僕は日本軍に関する本を読み漁っている。別にミリタリーマニアでもないのだけれど、やはり日本の近代史において一番重要な大東亜戦争における歴史的事実をできるだけ正確に把握しておきたいからである。
なぜならば、戦争経験者はもうその寿命を向かえつつあるし、だれかがその事実を継承していかなければ、そのとき得られた貴重な経験、教訓が忘却され、また同じことが繰り返されるからだ。
日本軍は戦略策定において欠陥があったのは事実で、そのために多くの犠牲を払って敗戦したというのがひとつの見方なのだけれど、もう1つはあれだけの国力で、戦術によって列強を少なからず苦しめたという側面もある。
軍政面においては、9割は植民地支配で植民地配下の現地民から搾取の限りを尽くしたという部分と、1割の現地民尊重の民主主義的支配形態(まさに八紘一宇のスローガンどおり)の両側面を持っていた。
水木しげるさんは、貴重な戦争体験者でもあり、日本の配色が濃くなりつつあった時期に召集され、ラバウルの近くのニューブリテン島で負傷し、ラバウルで終戦を迎えた。

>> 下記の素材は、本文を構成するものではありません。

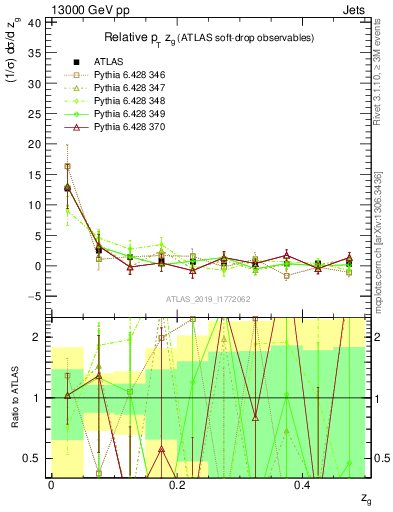 Plot of softdrop.zg in 13000 GeV pp collisions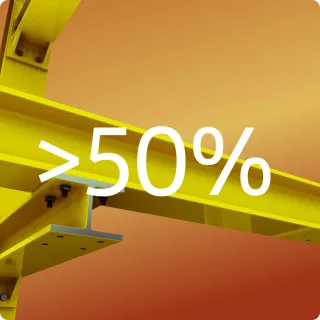 tco-reductions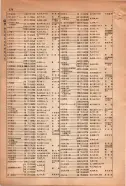 昭和15年8月1日現在大阪電話番号簿 0184ページのサムネイル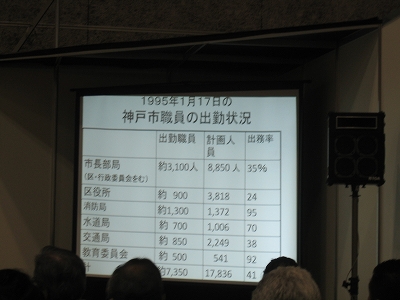 神戸震災の神戸市役所員の出勤状況表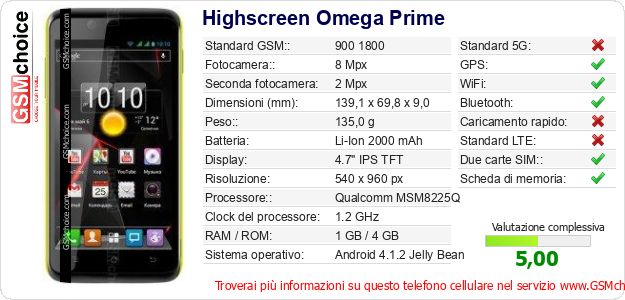 Highscreen Omega Prime Dati tecnici di telefono cellulare Highscreen Omega Prime Dati tecnici di telefono cellulare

そのため、水木さんはいくつかの兵隊目線での戦記漫画を書いている。
そこで書かれている水木さんはどちらかというと「変わり者」で上官からビンタされまくりな劣等兵である。漫画では兵隊の日常が克明に描かれている。本を読むと水木さん自体はまともな人間だと思うのだが、敗戦までの時代が狂っているので、「変わり者」扱いされていたことがわかる。
僕が一番最初に読んだのは「総員玉砕せよ!」である。
「コミック昭和史」は昭和という時代を水木さんの人生と照らし合わせながら描いている。もちろん戦記部分も充実している。